Wednesday, 18 July 2018 14:12

July 27, 1868 - Monday

At four thirty I was at the foot of our Father’s bed.

I hadn’t the courage to embrace him, or even to touch his hand. He was stretched out in a state of frightening prostration. His head bent and barely held in place, the arms hanging at both sides, the eyes half closed and glazed. I couldn’t see the gleam in them. And they looked to me that day to be just the same as they looked on the Sunday after his death.

I sat on the foot of the bed, turned towards Father. After a quarter of an hour or twenty minutes, Father awoke (in a manner of speaking). He looked to right and to left, his crucifix, his room. - His glances were lively and astonished. - I was present at a resurrection. I can’t think of a better comparison to this state than that of a man who sleeps in a coach and, waking up 100 leagues further on, looks all around him to ascertain where he is.

I waited, Father’s eyes fell on me.- He smiled, took my hand. I didn’t dare embrace him! - And I said to him “My poor Father, you are suffering a lot - a sign of denial. - Do you recognise me?” Then putting his hand over my head, he covered my forehead as with a caress squeezing it, he made a sign with his eyes and his head as if to say “Ah! do I recognise you! Clearly!” He smiled warmly. - Never have I been so deeply touched by a sign of affection from Father. I wouldn’t know how to express all that I understood of goodness, of affection in that paternal caress. - But still not a word!

We sat down to table. Father said to me during this time: “You came on the 11 o’clock train?” - Yes Father. - “That’s good”.

At the moment of eating, he blessed our meal from his bed, and sat up at the foot of the bed. He never wanted to remain lying down during our meal. - He feared, O thoughtfulness! That the sight of his suffering might put us off eating.

He took a very light bouillon. In the evening I was too tired to stay up and I was sent to lie down. Nanette told me the next day that the night hadn’t been too bad.

The medication consisted of refreshments on his forehead and temples.

The doctor could not define the illness. Possibly meningitis, cerebral congestion, above all fatigue pushed to its absolute limits, a body worn out under the activity of an over-energetic spirit which gave all it could. Dr. Douillard thought that the rheumatism which had plagued Father for 10 months and had spread throughout his body had eventually gone to his brain.
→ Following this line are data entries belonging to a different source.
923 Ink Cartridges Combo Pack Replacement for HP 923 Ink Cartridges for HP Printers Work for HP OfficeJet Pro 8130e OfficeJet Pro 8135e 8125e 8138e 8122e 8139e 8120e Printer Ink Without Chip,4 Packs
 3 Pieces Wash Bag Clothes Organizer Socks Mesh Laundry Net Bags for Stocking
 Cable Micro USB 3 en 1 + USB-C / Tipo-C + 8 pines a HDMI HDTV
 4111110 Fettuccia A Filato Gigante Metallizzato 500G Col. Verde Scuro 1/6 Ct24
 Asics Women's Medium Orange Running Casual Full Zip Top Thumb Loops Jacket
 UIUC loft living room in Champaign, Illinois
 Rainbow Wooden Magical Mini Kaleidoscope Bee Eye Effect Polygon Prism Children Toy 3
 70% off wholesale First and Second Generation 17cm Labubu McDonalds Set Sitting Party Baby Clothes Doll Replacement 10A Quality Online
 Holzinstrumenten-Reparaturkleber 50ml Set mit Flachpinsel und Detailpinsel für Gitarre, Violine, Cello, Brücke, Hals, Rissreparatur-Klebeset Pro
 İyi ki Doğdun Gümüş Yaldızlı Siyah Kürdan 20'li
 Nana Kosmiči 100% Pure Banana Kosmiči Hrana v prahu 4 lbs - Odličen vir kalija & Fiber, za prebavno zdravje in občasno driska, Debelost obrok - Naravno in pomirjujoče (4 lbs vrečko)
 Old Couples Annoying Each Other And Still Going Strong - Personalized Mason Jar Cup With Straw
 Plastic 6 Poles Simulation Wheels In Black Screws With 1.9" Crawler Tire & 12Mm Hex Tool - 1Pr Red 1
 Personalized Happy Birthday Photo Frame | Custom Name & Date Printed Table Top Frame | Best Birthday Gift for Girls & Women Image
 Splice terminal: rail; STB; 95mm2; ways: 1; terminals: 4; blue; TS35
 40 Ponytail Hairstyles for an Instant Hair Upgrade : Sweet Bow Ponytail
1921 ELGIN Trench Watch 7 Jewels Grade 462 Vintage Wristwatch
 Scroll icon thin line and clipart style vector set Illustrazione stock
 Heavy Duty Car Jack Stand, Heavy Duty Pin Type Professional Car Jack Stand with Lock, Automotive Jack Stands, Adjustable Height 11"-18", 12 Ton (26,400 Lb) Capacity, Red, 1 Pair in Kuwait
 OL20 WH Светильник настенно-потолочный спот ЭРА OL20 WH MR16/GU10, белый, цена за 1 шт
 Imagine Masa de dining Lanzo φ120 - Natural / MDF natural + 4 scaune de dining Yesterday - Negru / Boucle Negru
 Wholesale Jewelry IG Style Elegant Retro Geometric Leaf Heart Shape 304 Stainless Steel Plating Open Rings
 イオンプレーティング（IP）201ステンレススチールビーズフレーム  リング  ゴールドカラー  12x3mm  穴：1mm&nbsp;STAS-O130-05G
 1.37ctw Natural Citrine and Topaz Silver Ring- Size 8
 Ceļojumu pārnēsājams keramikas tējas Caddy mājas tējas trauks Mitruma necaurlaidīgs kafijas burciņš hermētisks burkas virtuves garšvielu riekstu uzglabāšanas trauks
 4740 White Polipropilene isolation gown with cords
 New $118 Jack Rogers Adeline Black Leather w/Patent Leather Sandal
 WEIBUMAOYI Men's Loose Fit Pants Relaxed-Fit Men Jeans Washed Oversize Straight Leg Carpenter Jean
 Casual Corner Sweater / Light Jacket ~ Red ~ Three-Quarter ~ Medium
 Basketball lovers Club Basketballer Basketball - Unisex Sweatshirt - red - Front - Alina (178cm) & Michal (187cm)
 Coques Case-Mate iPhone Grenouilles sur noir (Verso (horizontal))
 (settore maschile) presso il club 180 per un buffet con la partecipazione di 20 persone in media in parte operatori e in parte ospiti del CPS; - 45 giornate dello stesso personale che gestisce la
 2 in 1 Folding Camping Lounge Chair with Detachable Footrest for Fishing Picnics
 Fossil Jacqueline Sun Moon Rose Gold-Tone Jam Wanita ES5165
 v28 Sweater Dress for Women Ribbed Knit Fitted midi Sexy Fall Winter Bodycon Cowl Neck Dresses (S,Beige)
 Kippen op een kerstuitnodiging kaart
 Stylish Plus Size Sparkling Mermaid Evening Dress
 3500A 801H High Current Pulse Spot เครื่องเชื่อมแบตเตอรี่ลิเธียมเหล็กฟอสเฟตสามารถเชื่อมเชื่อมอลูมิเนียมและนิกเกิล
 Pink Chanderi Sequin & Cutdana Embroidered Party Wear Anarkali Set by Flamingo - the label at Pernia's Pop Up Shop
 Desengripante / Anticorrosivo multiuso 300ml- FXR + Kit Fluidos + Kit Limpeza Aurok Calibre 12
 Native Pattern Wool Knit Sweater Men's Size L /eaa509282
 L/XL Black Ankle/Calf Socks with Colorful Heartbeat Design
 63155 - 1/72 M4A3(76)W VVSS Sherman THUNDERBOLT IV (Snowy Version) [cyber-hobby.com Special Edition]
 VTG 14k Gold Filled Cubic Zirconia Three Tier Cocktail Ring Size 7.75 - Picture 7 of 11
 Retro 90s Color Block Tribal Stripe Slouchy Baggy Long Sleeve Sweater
In the evening before going to bed, I sent a despatch to Paris, truthful, but not too alarming. It was the cause of the departure of Fr. Chanuet and Mademoiselle Thomas who arrived on Wednesday evening.

 

This text is transcribed from a copy preserved in the Archives of the French Province in Paris. The Punctuation has been slightly adjusted for ease of reading.
The copy from the Paris archive has as its title, in Fr. J. Lavigne’s writing, “Notes of very Rev. Fr. Tesniere (Bro. Albert) on the last days of Blessed Peter Julian Eymard”.